One example of Juniper's versatility is in how Siemens designed the system's transducers. Most ultrasound scanners have three or maybe four transducer ports, but Juniper sports six -- this makes it possible for users to have a wider array of probes available without having to unplug an old one and swap in a new one -- in fact, 80% of the clinical applications for which ultrasound is typically used can be covered with an active transducer, according to Trigueiros.
Siemens faced a conundrum with probe placement -- either on the left or right side of the system. In its workshops, the company didn't reach a consensus on which configuration was favored, so it simply built a control panel for Juniper that can be rotated 90°, enabling users to position the system with the ports to the side they prefer.
Other features on Juniper include a 21.5-inch LED display and a 13.3-inch touch display, as well as a gel warmer that's standard on the system rather than an option that customers have to pay for. There is also a USB port on the scanner so providers can transfer digital images to patients rather than having to output them to older media like prints or DVDs.
Siemens also took several steps to enhance Juniper's portability, an important factor for a shared-services scanner that might be moved around to different departments in a healthcare enterprise. The system has a battery and can be powered down in 3 to 5 seconds, and powered back up in five seconds.

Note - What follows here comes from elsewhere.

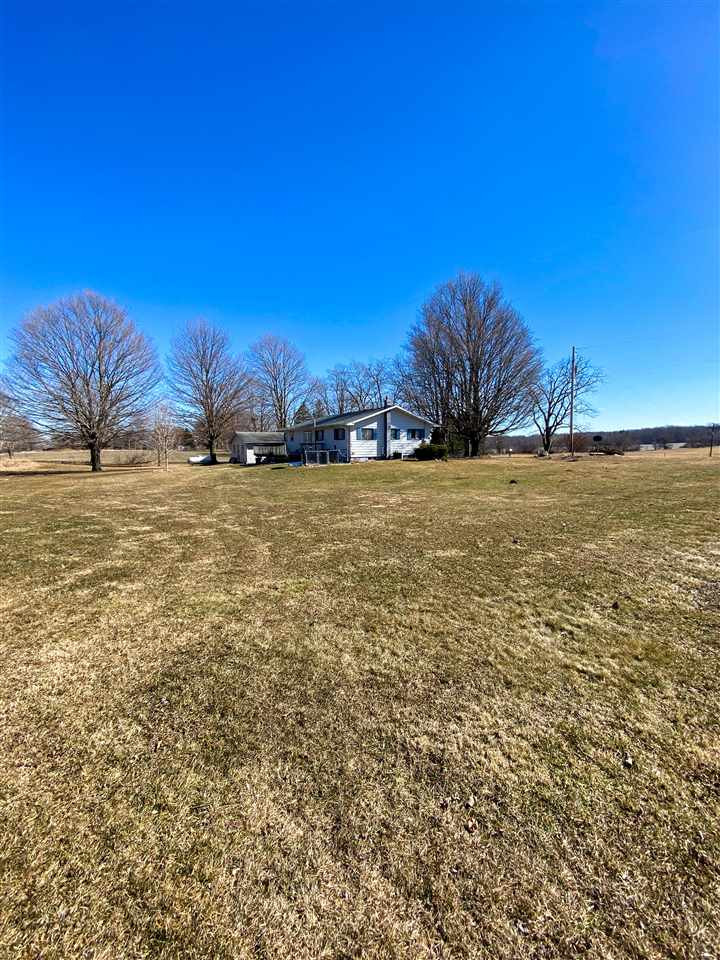 13376 North Adams Road Addison, MI 49220 - Photo 3 of 11 Photo 3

Two other features include quiet operation -- Siemens made an effort to reduce Juniper's fan noise, so that it operates at a sound level of about 28 dB, some 48% quieter than the average for conventional scanners at 45 dB. For use in interventional environments, Siemens developed a rubber skin that can encase the unit during procedures and still enable sonographers to use the controls, then be removed and disinfected afterward -- an idea that Siemens received from the customer workshops, Trigueiros said.
Finally, Juniper features an entirely new architecture, including new signal processors and a new 128-channel beamformer that have led to big improvements in signal-to-noise ratio, faster image acquisition, and fewer artifacts from patient and probe motion. And all this in a compact package, with a footprint that is 36% smaller than the average ultrasound scanner. The scanner also supports teamplay, Siemens' peer-to-peer network, and EasyLink, a new remote service and diagnostics function.
Juniper has received both the CE Mark in Europe and 510(k) clearance from the U.S. Food and Drug Administration (FDA); the company will begin shipments in Europe and the U.S. after ECR 2018. Shipments in other global geographies are pending regulatory clearances, Trigueiros said.